Il y a quelque chose d’irréel à écrire ces lignes alors que vous n’êtes plus. Car écrire, c’est vous qui me l’avez appris durant notre compagnonnage. Ecrire des discours, non seulement par la maîtrise exigeante du fond, mais par l’étude assidue de la rhétorique, la prosodie ; mots qui sonnent et qui volent. Ecrire une ville que, par tant de projets, Confluence, Gerland, les berges du Rhône ou le Carré de Soie, vous avez transformée comme personne depuis votre modèle Edouard Herriot. Ecrire son destin, vous qui, fils d’une femme de ménage et d’un ouvrier métallurgiste, boursier, avez gravi un à un les étages de l’ascenseur social en même temps que ceux des responsabilités politiques.

Beaucoup, camarades de vos premières campagnes électorales, sauront mieux que moi raconter votre rôle majeur dans la métamorphose de Lyon et de son agglomération. Je connais, pour l’avoir vécue avec d’autres de près, votre place essentielle dans l’élection d’Emmanuel Macron comme président de la République. Je souhaite simplement porter ici témoignage de ce que fut mon apprentissage à vos côtés au cours de ces huit années, vous l’élu d’expérience devenu homme d’État, moi le militant dans la vingtaine venu de Bretagne.

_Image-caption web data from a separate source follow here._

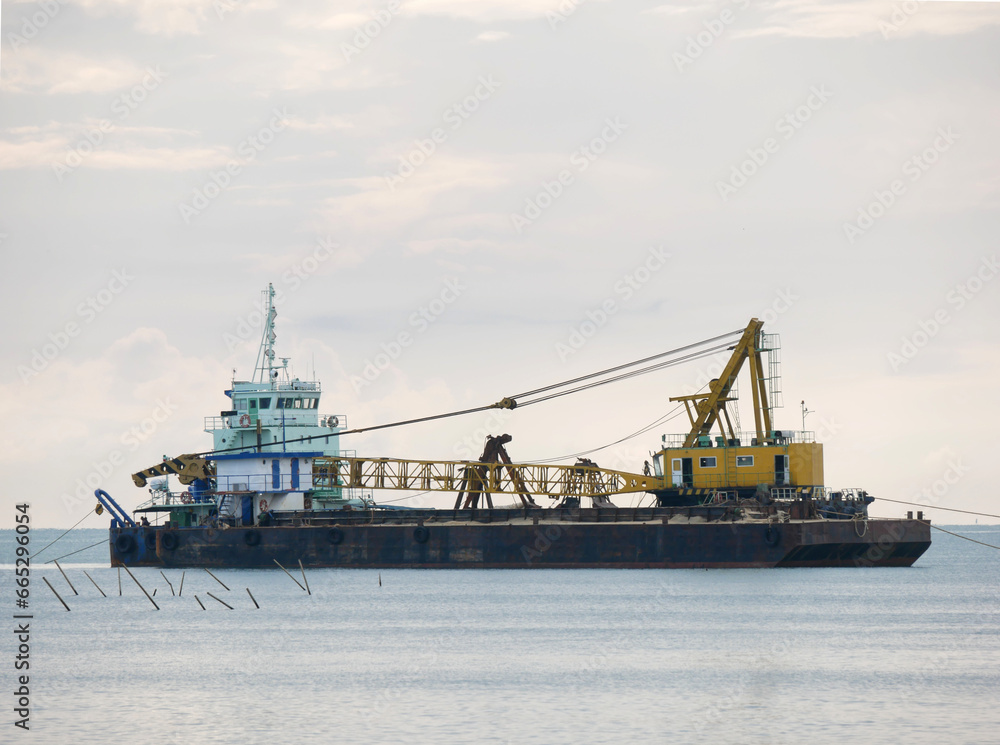 a large floating dredging excavator on sea coast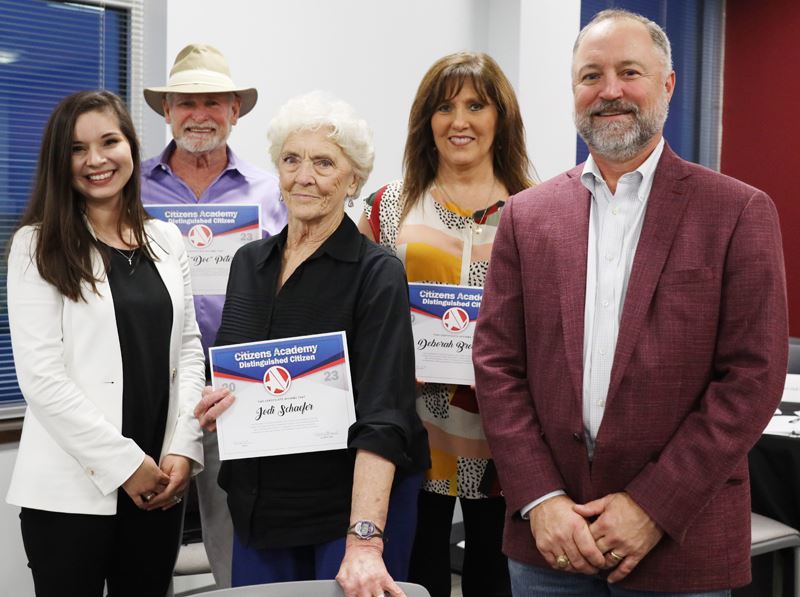 Group photo of five people. The three in the middle hold certificates. Opens in new window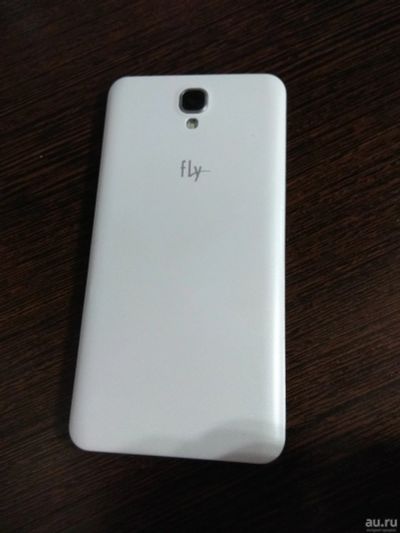 Лот: 12796920. Фото: 1. Телефон Fly FS504 белый. Смартфоны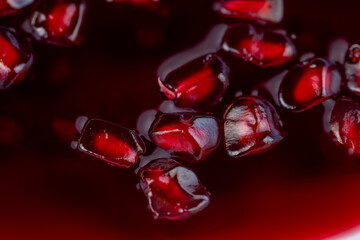Grains of red ripe pomegranate close up
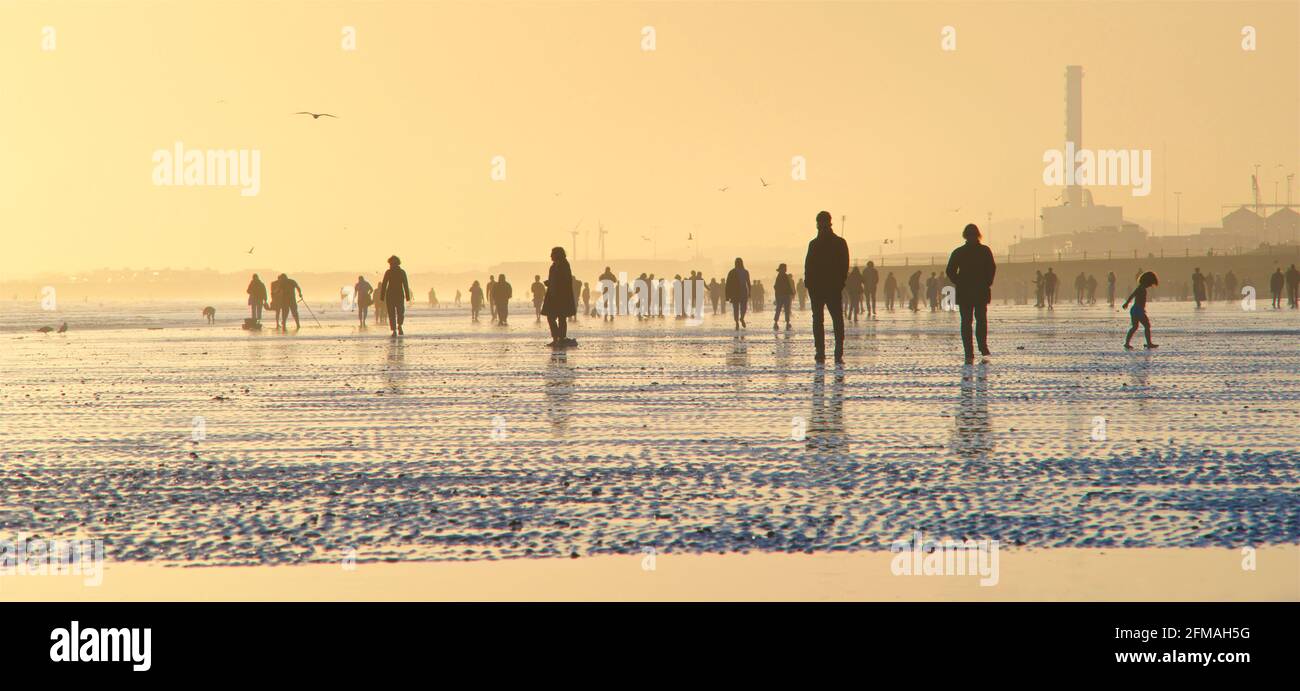 Brighton y Hove playa en la marea baja mirando hacia el oeste. Siluetas de personas caminando a lo largo de la orilla al atardecer. East Sussex, Inglaterra. Remniscent de una pintura de Lowry Foto de stock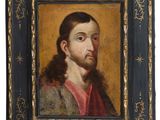 a painting of a man with a beard in a frame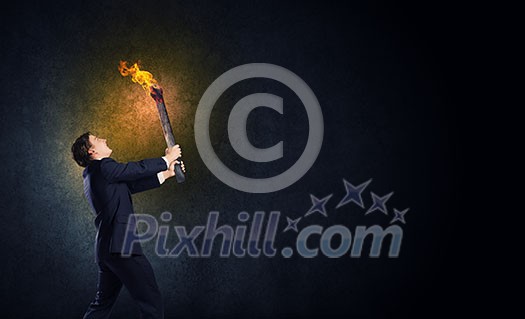 Young businessman holding burning torch in hand Young businessman holding burning torch in hand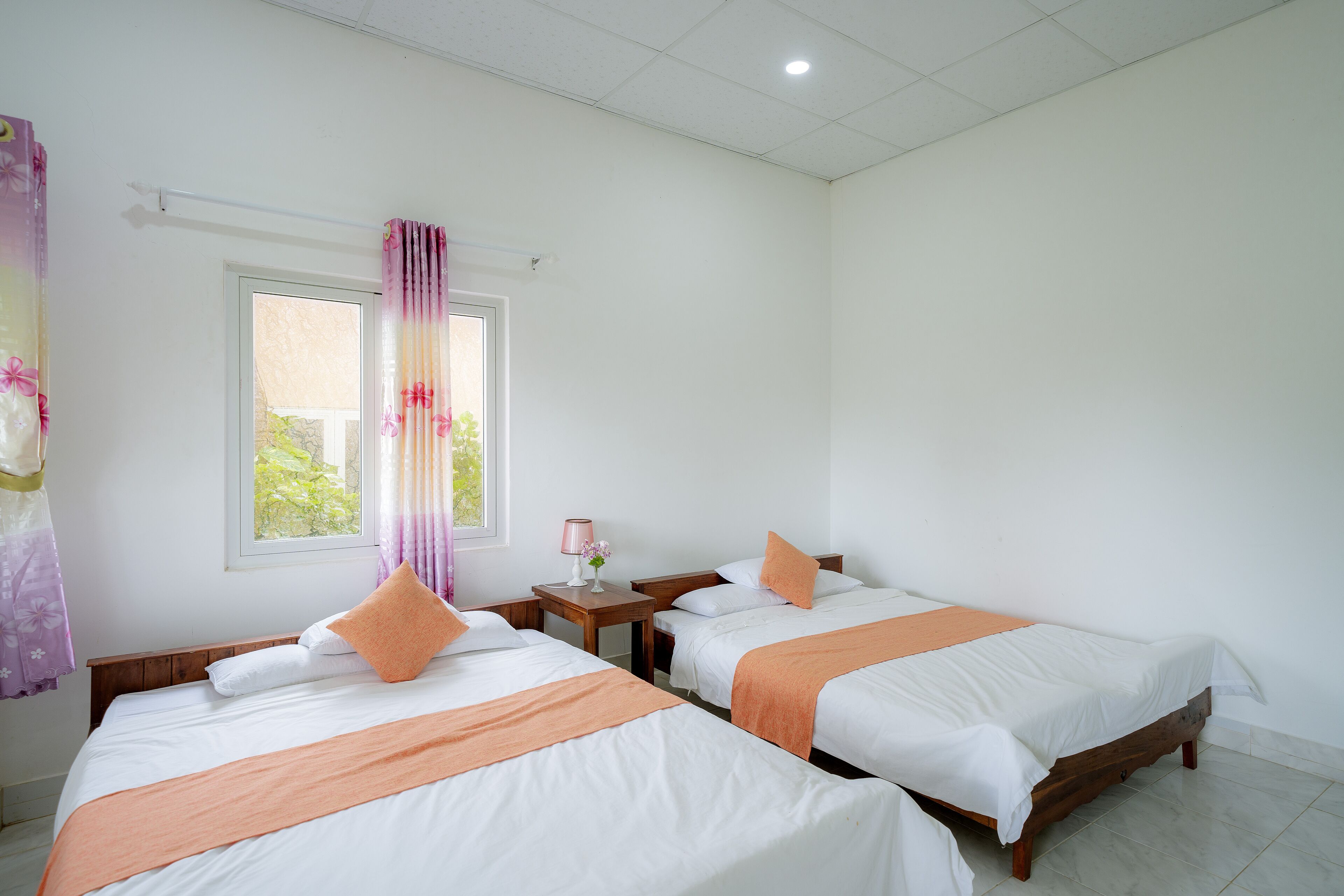 A hotel room with two single beds, a window with curtains, a bedside table with a lamp, and a view of greenery outside.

Vous m’avez enseigné l’éthique du travail. Souvent, vous me racontiez vos matins laborieux, où enfant, vous accompagniez votre père à l’usine, apprenant vos leçons à six heures du matin avant de rejoindre l’école. Ce sens de l’effort ne vous a jamais quitté. Combien de dimanches dans le TGV, combien de soirées dans le secret de Beauvau à revoir, remodeler, trouver le mot juste lors de longues séances de relectures ? Combien d’heures assidues aussi à écrire le programme que vous alliez présenter aux Lyonnais et qui ne devait souffrir d’aucune imprécision ? Les responsables politiques sont hélas mal aimés par leurs concitoyens. Je mets au défi quiconque de supporter ne serait-ce qu’un mois du rythme que vous enduriez en tant que Ministre ou Maire de Lyon.

L’esprit grande prairie

Vous m’avez appris à regarder la réalité en face. “Voir ce que l’on voit” comme écrit Péguy. Non pas que vous rejetiez les auteurs et l’idéologie : mes proches se souviennent encore des nuits écourtées par Fourier, Proudhon ou Saint-Simon dont la lecture me fut vigoureusement conseillée. Mais vous m’avez toujours enjoint d’ajouter à l’apprentissage des lettres et des idées, celui de la rue et du terrain. Cette règle d’airain fut un choc pour le littéraire un peu naïf que j’étais alors. Soudain, les certitudes de ceux qui, ayant lu des livres, pensent savoir mieux que les autres furent fracassées par les tractages à la Duchère, les marchés à Vénissieux, les porte à porte dans les tours de Gerland, les réunions publiques dans les communes des Mont d’Or ou les confrontations avec les syndicalistes prétendus révolutionnaires de l’ENS. Soudain, la sécurité, l’immigration, la ghettoïsation, toutes ces difficultés étrangères au gamin de la classe moyenne périurbaine des années 2000 que j’étais, jaillissaient dans une lumière crue. Le président de la République l’a évoqué dans son éloge funèbre : à vos collaborateurs lyonnais, Arthur, Jean-Marie, Najet et tous les autres, vous racontiez souvent l’interpellation d’une électrice qui, cinq ans après votre arrivée à l’Assemblée nationale, vous demandait : “Qu’avez-vous changé dans ma vie ?” Plus un jour ne passe sans que cette question qui vous obsédait ne me hante. Plus un jour ne se passe sans que je ne me dise, comme vous le clamiez malicieusement en pied de nez à ceux qui occupent des responsabilités sans vraiment les exercer : “Il faut faire des trucs.”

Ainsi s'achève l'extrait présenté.